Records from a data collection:
※ ※ ※
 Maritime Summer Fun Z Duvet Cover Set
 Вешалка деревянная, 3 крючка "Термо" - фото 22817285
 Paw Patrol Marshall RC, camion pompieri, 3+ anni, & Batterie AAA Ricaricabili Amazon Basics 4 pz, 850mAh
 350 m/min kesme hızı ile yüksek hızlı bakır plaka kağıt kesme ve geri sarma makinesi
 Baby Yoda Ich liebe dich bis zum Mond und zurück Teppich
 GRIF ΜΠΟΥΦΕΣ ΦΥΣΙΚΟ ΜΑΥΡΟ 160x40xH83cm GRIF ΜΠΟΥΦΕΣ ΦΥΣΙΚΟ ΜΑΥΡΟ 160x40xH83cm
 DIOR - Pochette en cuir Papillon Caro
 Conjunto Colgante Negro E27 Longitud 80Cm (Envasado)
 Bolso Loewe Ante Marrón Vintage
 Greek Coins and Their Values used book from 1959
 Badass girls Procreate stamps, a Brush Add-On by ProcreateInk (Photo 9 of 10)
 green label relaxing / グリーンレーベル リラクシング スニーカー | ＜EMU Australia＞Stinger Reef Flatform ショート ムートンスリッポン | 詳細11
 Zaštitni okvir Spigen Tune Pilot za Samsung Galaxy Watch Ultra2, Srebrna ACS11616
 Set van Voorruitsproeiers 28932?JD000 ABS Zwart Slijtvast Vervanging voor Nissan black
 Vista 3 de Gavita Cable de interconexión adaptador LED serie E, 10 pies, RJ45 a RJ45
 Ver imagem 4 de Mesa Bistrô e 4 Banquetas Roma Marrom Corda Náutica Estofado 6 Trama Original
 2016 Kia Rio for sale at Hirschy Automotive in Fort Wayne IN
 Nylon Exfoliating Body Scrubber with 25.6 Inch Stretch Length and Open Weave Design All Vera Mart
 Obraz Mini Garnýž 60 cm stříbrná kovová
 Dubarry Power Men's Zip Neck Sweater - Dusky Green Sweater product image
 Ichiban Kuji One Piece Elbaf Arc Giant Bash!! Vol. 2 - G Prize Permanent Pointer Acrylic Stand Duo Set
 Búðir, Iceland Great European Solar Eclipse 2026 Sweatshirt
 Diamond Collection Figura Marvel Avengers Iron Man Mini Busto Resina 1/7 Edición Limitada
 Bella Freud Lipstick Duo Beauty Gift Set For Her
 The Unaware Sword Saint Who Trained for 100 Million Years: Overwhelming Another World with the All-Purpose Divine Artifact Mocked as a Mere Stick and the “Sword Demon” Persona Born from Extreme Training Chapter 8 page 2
※ ※ ※
Your goal: Restate the line containing "Vista 3 de Gavita" and every remaining line of the records word for word. Add nothing.

Answer box:
 Vista 3 de Gavita Cable de interconexión adaptador LED serie E, 10 pies, RJ45 a RJ45
 Ver imagem 4 de Mesa Bistrô e 4 Banquetas Roma Marrom Corda Náutica Estofado 6 Trama Original
 2016 Kia Rio for sale at Hirschy Automotive in Fort Wayne IN
 Nylon Exfoliating Body Scrubber with 25.6 Inch Stretch Length and Open Weave Design All Vera Mart
 Obraz Mini Garnýž 60 cm stříbrná kovová
 Dubarry Power Men's Zip Neck Sweater - Dusky Green Sweater product image
 Ichiban Kuji One Piece Elbaf Arc Giant Bash!! Vol. 2 - G Prize Permanent Pointer Acrylic Stand Duo Set
 Búðir, Iceland Great European Solar Eclipse 2026 Sweatshirt
 Diamond Collection Figura Marvel Avengers Iron Man Mini Busto Resina 1/7 Edición Limitada
 Bella Freud Lipstick Duo Beauty Gift Set For Her
 The Unaware Sword Saint Who Trained for 100 Million Years: Overwhelming Another World with the All-Purpose Divine Artifact Mocked as a Mere Stick and the “Sword Demon” Persona Born from Extreme Training Chapter 8 page 2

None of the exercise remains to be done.